A question that you've probably asked or received in your lifetime. A question, that I think when answered, says quite a lot about the recipient. So the researcher in me decided to do a batteries-in-the-freezer ghetto study, and these were a few of my findings:

Asker: "What do you do?"
Person A:
"I'm [Insert occupation here] at [Insert establishment here]."
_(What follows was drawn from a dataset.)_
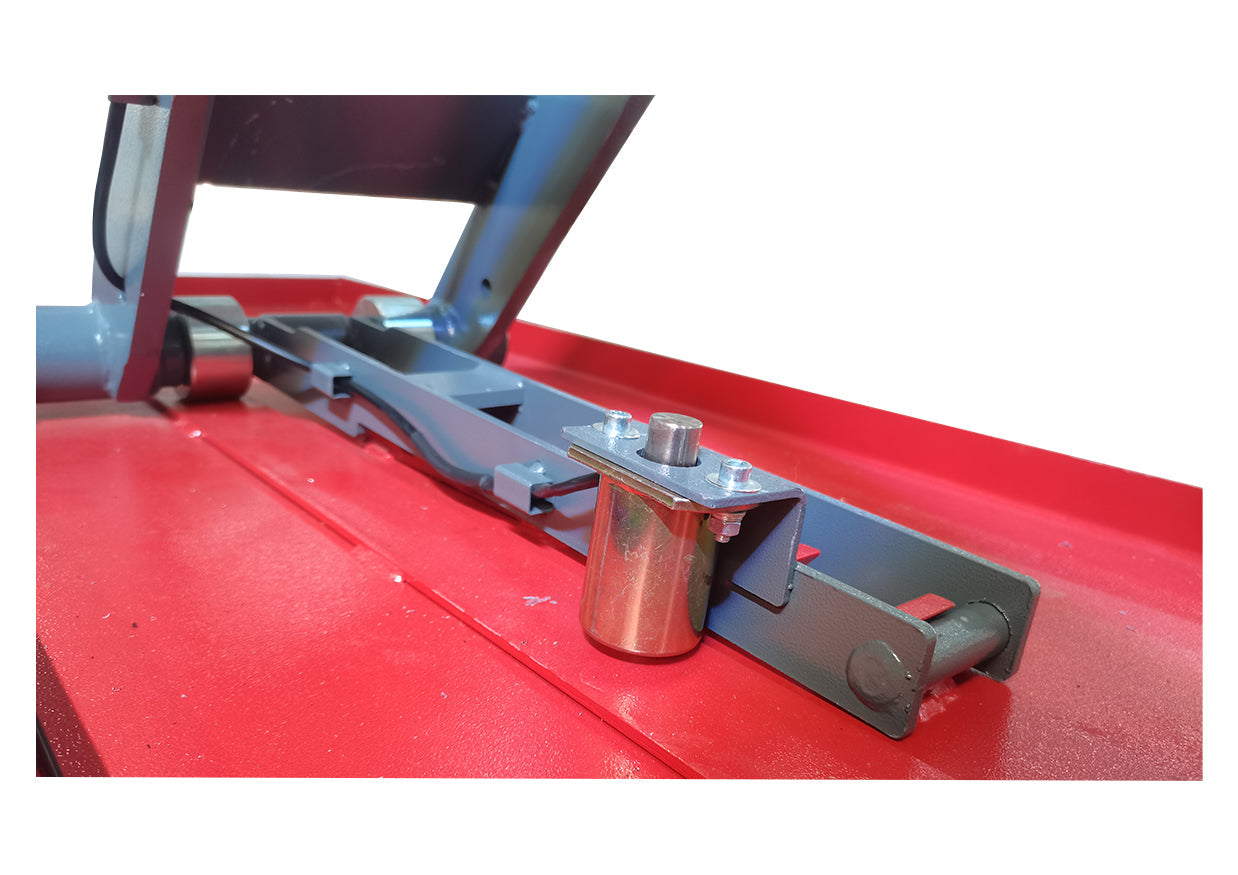 Fortisky | Mid-Rise Scissor Lift 8000lb 47in Electric Lock Release 220V FSL-MR80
Ah, the vintage answer to the question: This is how I make money. Fair answer; We live in a society that lives and dies by status, and that manifests itself in the way we treat people according to their occupation. So when posed with this question, many people choose to define themselves by what they do for a living. That being said, in my opinion Person A is unconsciously saying: "I hope to God this impresses you off the bat because I am a really boring person."

Asker: "What do you do?"
Person B:
"I [Insert generic activities here]."

"Generic activities" is a tricky term, so let me lay it out. If you've ever heard anyone say something along the lines of "I go to parties", "I listen to music", or "I watch [show]", then congratulations: You've identified a generic activity. However, Person B scores more points than Person A with their answer for the simple fact that they are not trying to impress anyone. This is a safe, simple declaration of interests, and I find that more respectable than a sentient resume.

Asker: "What do you do?"
Person C:
"I [Insert talent/talents here]."

Now we are moving out of average territory. The person who snaps into their talent set without certain words (more on that next) isn't trying to impress, and they want you to know that. Person C is not like Person A or B, and they'd rather you know it sooner rather than later because what they do is uncommon. Though it's a good one, the downside to this answer is that it can come off like Person C is trying to impress, which means their delivery is also important. The more nonchalant the delivery, the less of a factor impression truly is.

Asker: "What do you do?"
Person D:
"I'm an [Insert talent/talents here]."

Remember that bit about certain words in the previous paragraph? That's because despite the similarities, Person D is the red to Person C's blue. This person is actively trying to impress the asker, which is warranted if they have a passion for whatever talent they have. But by using "I'm an" in their answer, Person D is defining him/herself by their talents - which makes this the riskiest answer. On one end, you may be the red-nosed reindeer. On the other, you may be the Green Ranger.

Asker: "What do you do?"
Person E:
"As iiin...?"

What sets Person E apart from all the rest, is that they've got this thing figured out from jump street. The quintessential answer to "What do you do?" is the ability to navigate the fog of your ego well enough to discover "What do you do?" is a vague fucking question. This forces the asker to go into specifics, ergo, getting you straight to the point without a tinge of the risk (a.k.a. the coveted post-bullshit zone). Thus Person E has not just the safest answer, but the smartest.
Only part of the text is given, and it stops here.